In my view, this academic deadlock results from both sides sharing a common faulty assumption that the media can be treated as a monolithic force, the constituents of which behave in exactly the same manner. I claim this because in my opinion not only are different media types such as broadcast media and print media different in the way they disseminate information but also media conglomerates of the same media type. These differences consequently result in each media conglomerate having a different  amount of impact on stock price movements, which is to say that it is incorrect to claim that all of the media is responsible for stock price movements.

Consider print media and broadcast media for instance. Print media not only has lesser avenues of being theatrical, but also lacks dynamic visual elements in reporting. In addition, print media also has the time benefit of not having to report news every second and tends to be less repetitive.
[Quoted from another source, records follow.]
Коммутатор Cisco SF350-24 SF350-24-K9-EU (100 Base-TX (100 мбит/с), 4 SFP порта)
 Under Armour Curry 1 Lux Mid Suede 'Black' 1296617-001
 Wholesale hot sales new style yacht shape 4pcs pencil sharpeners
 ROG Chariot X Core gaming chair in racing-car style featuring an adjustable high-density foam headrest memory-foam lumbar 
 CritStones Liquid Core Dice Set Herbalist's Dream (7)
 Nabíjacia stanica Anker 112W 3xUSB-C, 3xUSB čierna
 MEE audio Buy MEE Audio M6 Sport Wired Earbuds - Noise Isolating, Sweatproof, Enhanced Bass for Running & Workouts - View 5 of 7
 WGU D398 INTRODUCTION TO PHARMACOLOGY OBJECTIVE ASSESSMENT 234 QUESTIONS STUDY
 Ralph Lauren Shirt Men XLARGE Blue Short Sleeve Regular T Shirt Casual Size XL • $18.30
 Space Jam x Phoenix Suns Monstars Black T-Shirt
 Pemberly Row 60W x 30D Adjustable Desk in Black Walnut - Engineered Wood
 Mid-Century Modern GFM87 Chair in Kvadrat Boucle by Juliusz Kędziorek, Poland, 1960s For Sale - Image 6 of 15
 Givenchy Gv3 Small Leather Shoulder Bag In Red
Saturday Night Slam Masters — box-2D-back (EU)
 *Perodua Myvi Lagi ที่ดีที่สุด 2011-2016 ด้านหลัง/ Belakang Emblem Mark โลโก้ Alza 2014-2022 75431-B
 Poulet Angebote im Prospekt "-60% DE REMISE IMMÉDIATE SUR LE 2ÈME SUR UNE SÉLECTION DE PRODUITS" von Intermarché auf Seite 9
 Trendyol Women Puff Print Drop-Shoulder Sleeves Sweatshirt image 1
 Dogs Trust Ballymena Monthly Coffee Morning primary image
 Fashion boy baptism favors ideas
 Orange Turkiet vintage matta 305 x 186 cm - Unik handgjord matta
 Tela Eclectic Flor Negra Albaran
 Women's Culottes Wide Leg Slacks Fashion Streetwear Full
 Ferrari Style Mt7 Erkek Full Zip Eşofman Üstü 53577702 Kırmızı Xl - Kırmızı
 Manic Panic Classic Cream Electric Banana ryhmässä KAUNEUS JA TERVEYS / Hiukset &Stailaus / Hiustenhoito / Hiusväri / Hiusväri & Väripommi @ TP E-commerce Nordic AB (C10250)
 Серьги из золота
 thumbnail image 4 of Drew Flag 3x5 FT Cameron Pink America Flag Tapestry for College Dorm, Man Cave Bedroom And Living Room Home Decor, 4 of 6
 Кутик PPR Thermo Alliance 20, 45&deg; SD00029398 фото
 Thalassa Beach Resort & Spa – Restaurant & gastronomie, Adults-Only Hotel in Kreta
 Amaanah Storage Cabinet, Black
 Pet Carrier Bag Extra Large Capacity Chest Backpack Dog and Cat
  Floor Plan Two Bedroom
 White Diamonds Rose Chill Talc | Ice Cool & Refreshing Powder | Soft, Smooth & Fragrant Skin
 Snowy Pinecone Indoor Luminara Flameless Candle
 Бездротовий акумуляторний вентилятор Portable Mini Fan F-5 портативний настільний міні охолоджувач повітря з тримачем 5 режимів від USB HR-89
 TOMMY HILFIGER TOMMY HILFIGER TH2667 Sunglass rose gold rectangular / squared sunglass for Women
Consider this evidence amassed from primary research which involved watching three different programs of CNBC and reading five different articles of The Wall Street Journal as broadcasted or published during the US real estate market bubble period from January-June of 2005.

While television shows of CNBC such as ‘Morning Call’ constantly circulated and repeated news material on daily morning shows, there was no repetition to be found on the Wall Street Journal. Furthermore, while CNBC bombarded its viewers with sensationalist ticker tapes and ‘breaking news’ through shows such as ‘Market Watch’ and ‘The Call’, The Wall Street Journal focused more on content and less on panache or style while reporting news to its readers. This tendency to ‘perform’ news, shows how broadcast media has a larger impact on public perception and consequently stock price movements when compared to print media. These differences, however, exist not only among different types of media but also within different media conglomerates of the same media type.

Consider, for instance, the reporting of Fox News and Bloomberg News Channel during the same period. In this time frame, while the main focus of Fox News was to ‘instruct’ its viewers to invest in certain types of stocks, Bloomberg’s focus was on ‘what’ is going on in the stock market. For instance, on ‘Fox & Friends’, a morning show on Fox News, presenter Gretchen Carlson regularly used phrases like ‘Go out and win it’ to persuade viewers to invest in certain types of stocks, while Bloomberg’s morning show was dominantly focused on educating the readers by simple reporting of stock prices. In addition, while Fox News was often shown displaying graphs projecting growth in stock price in nominal terms, Bloomberg’s statistics were often extremely accurate. Other factors such as performing and repeating news also differentiated the two conglomerates.

These differences, as mentioned earlier, result in different amount of impact on stock price movements but they do not suggest, however, that both sides of scholars have come to completely flawed conclusions. In my view, both sides of scholars have come to valid conclusions but the scope of the validity of their conclusions is rather narrowly defined. For instance, the active group’s conclusion is more pertinent for media conglomerates that succumb to corporate interests or to conglomerates that target the masses. This is because mass media, quite often, resorts to simplistic, rhetorical and performance-based financial news reporting. Similarly, the passive group’s conclusion is more relevant for media conglomerates that serve either as independent or earned media.

What this conclusion implies is that the media is too heterogeneous a market participant for us to claim whether it plays an active or passive role. What also follows is that the efficient market hypothesis does hold true but only for some constituents of the media sphere.